[Stored items from a collection]
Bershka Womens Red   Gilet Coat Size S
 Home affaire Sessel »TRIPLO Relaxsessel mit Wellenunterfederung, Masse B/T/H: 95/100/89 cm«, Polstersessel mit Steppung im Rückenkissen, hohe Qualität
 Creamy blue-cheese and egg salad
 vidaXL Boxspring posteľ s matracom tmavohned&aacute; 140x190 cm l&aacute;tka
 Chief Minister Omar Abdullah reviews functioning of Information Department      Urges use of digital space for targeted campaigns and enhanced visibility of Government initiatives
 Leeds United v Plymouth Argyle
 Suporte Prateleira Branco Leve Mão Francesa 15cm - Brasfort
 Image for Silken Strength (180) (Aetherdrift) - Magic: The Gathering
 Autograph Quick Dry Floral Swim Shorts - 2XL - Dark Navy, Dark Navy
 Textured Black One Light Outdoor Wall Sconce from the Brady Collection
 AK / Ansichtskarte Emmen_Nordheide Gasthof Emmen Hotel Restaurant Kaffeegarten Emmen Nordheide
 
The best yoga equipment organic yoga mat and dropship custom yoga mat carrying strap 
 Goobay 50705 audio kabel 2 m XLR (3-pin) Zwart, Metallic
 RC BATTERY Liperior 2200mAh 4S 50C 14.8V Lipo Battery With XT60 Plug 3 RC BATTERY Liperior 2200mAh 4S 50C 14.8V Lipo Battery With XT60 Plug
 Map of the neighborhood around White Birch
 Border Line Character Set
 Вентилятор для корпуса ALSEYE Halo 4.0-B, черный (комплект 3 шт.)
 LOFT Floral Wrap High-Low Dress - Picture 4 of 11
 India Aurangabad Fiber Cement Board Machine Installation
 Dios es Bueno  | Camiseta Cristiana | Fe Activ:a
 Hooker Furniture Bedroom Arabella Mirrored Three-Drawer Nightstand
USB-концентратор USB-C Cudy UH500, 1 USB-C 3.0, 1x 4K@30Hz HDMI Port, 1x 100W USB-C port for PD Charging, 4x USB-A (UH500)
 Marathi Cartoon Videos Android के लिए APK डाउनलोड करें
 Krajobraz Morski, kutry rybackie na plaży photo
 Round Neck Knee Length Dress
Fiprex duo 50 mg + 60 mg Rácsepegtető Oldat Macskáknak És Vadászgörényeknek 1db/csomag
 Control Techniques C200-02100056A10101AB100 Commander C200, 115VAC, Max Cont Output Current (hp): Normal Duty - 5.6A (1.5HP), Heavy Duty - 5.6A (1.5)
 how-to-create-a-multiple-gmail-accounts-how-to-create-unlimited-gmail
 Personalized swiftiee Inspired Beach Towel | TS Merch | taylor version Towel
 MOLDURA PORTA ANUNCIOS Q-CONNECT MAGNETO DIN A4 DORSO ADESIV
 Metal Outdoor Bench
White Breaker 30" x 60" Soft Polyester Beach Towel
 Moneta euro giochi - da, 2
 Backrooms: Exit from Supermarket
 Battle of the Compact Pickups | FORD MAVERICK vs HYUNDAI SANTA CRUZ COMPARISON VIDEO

What you should do >>
Please write out, exactly as they appear above, only the lines in the stretch from the line with "Textured Black One" through the line with "Goobay 50705 audio".

Response area >>
 Textured Black One Light Outdoor Wall Sconce from the Brady Collection
 AK / Ansichtskarte Emmen_Nordheide Gasthof Emmen Hotel Restaurant Kaffeegarten Emmen Nordheide
 
The best yoga equipment organic yoga mat and dropship custom yoga mat carrying strap 
 Goobay 50705 audio kabel 2 m XLR (3-pin) Zwart, Metallic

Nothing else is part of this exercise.